◆ How to complete this task: Transcribe, starting at the line with "Spaß Vater spielt" and ending at the line with "a man is sitting", every line of the material below exactly, but leave out the pictures and anything outside that span.

◆ Supplied material:
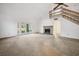 Living room featuring a fireplace, high ceilings, and access to the backyard at 560 Aspen Loop, Pawleys Island, SC 29585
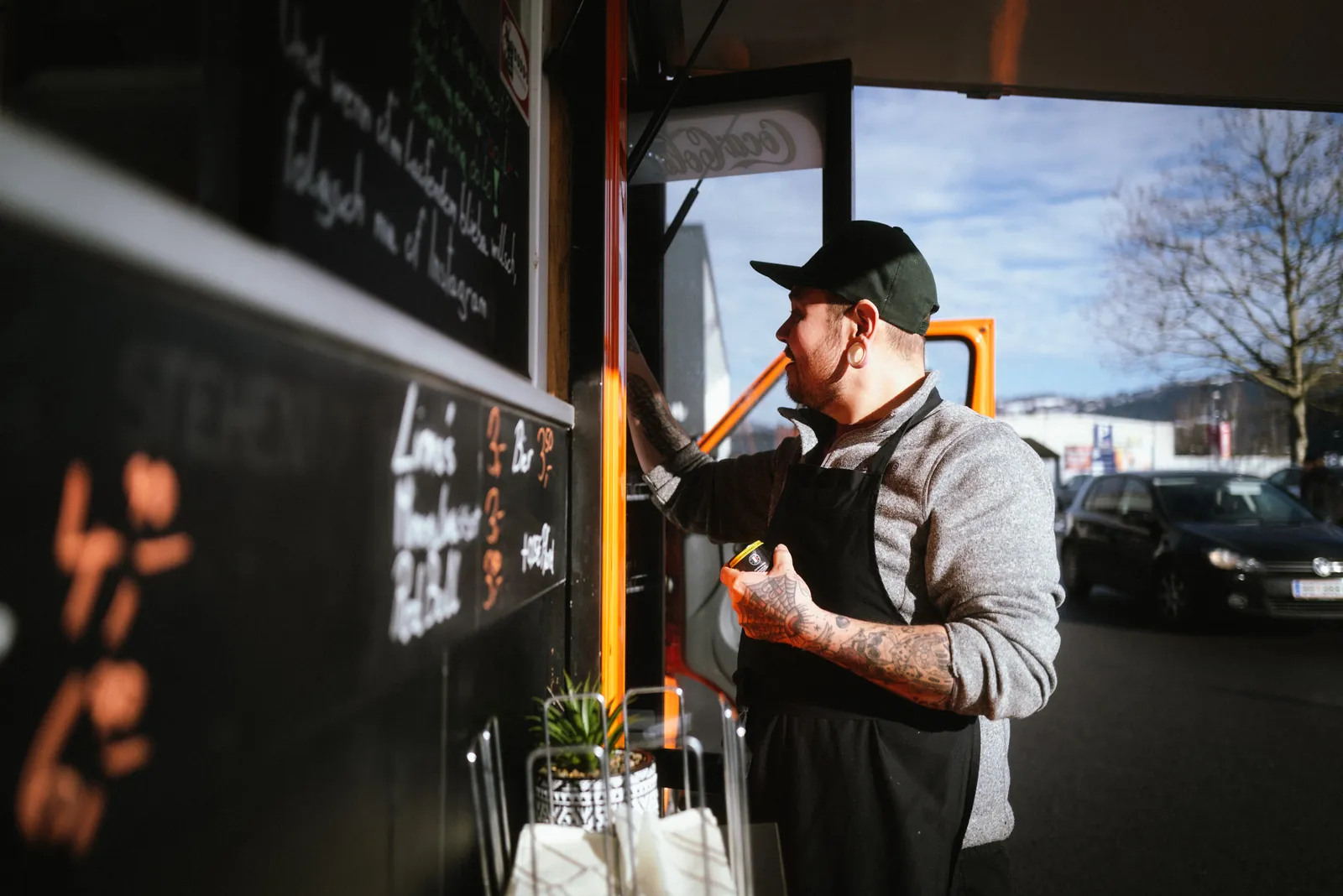 Manuel schreibt das Angebot auf die Kreidetafel am Truck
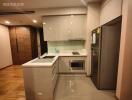 Modern kitchen with stainless steel appliances and glossy cabinets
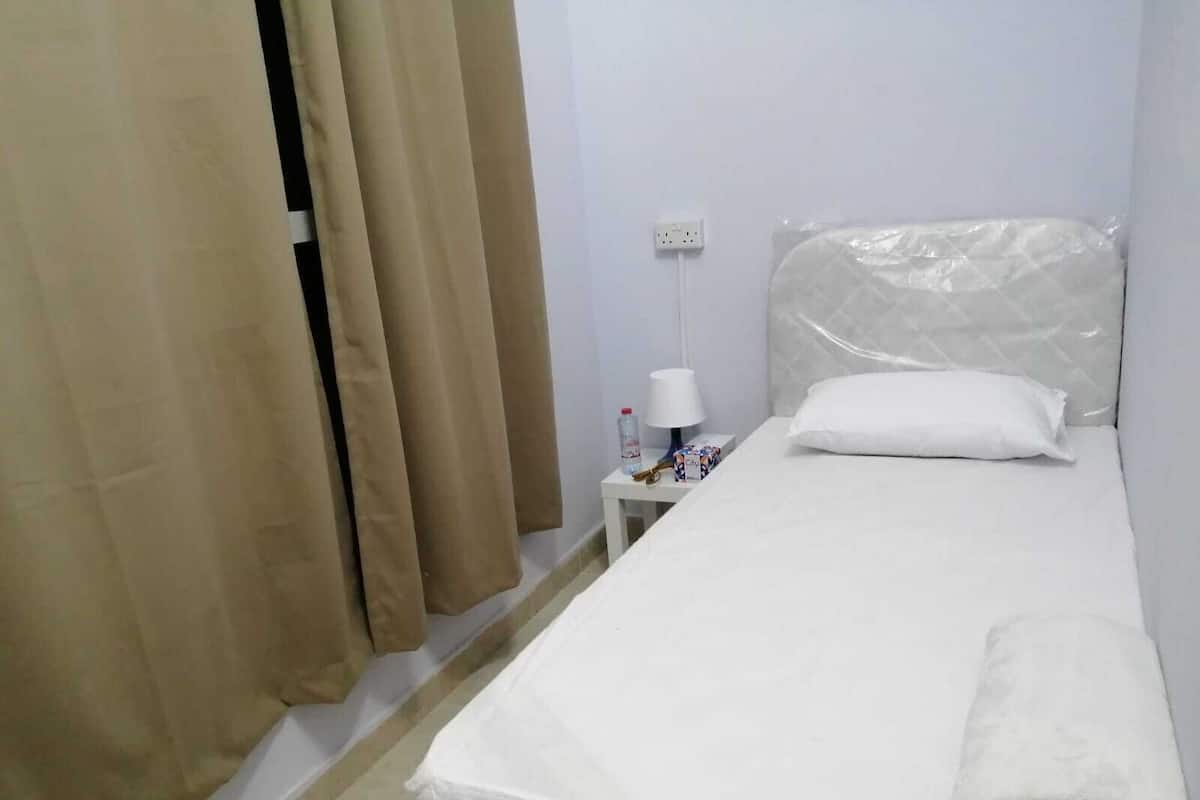 Ein Zimmer mit einem Einzelbett, einer weißen Matratze, einem weißen Kissen, einem zusammengerollten Handtuch, einem Nachttisch mit einer Lampe, einer Flasche und einer Schachtel.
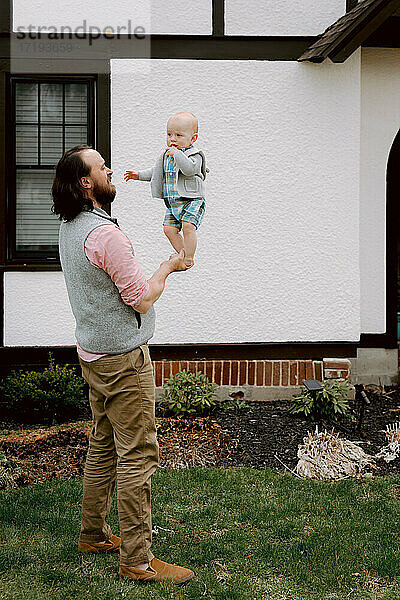 Spaß Vater spielt mit verwirrten Baby Sohn im Vorgarten im Frühjahr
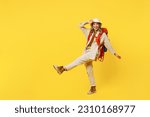Full body fun young woman carry bag with stuff mat touch hat raise up leg isolated on plain yellow background. Tourist leads active lifestyle walk on spare time. Hiking trek rest travel trip concept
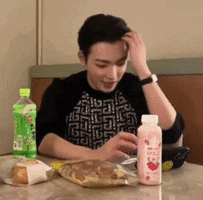 a man is sitting at a table with a bag of food and a bottle of strawberry juice .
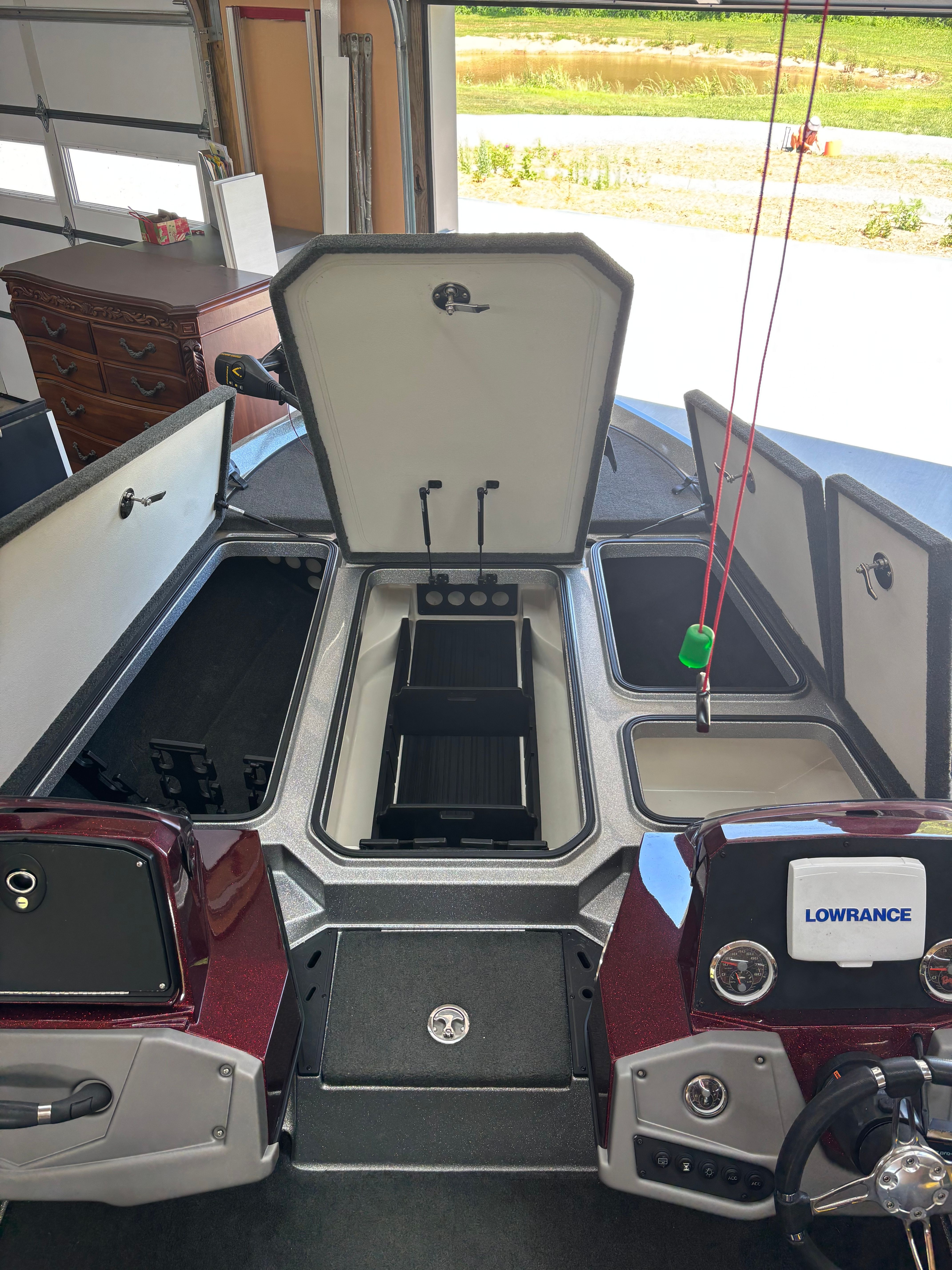 The image shows a Ranger Z 185 boat in a garage with open storage compartments.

◆ Problem solution:
 Spaß Vater spielt mit verwirrten Baby Sohn im Vorgarten im Frühjahr
Full body fun young woman carry bag with stuff mat touch hat raise up leg isolated on plain yellow background. Tourist leads active lifestyle walk on spare time. Hiking trek rest travel trip concept
 a man is sitting at a table with a bag of food and a bottle of strawberry juice .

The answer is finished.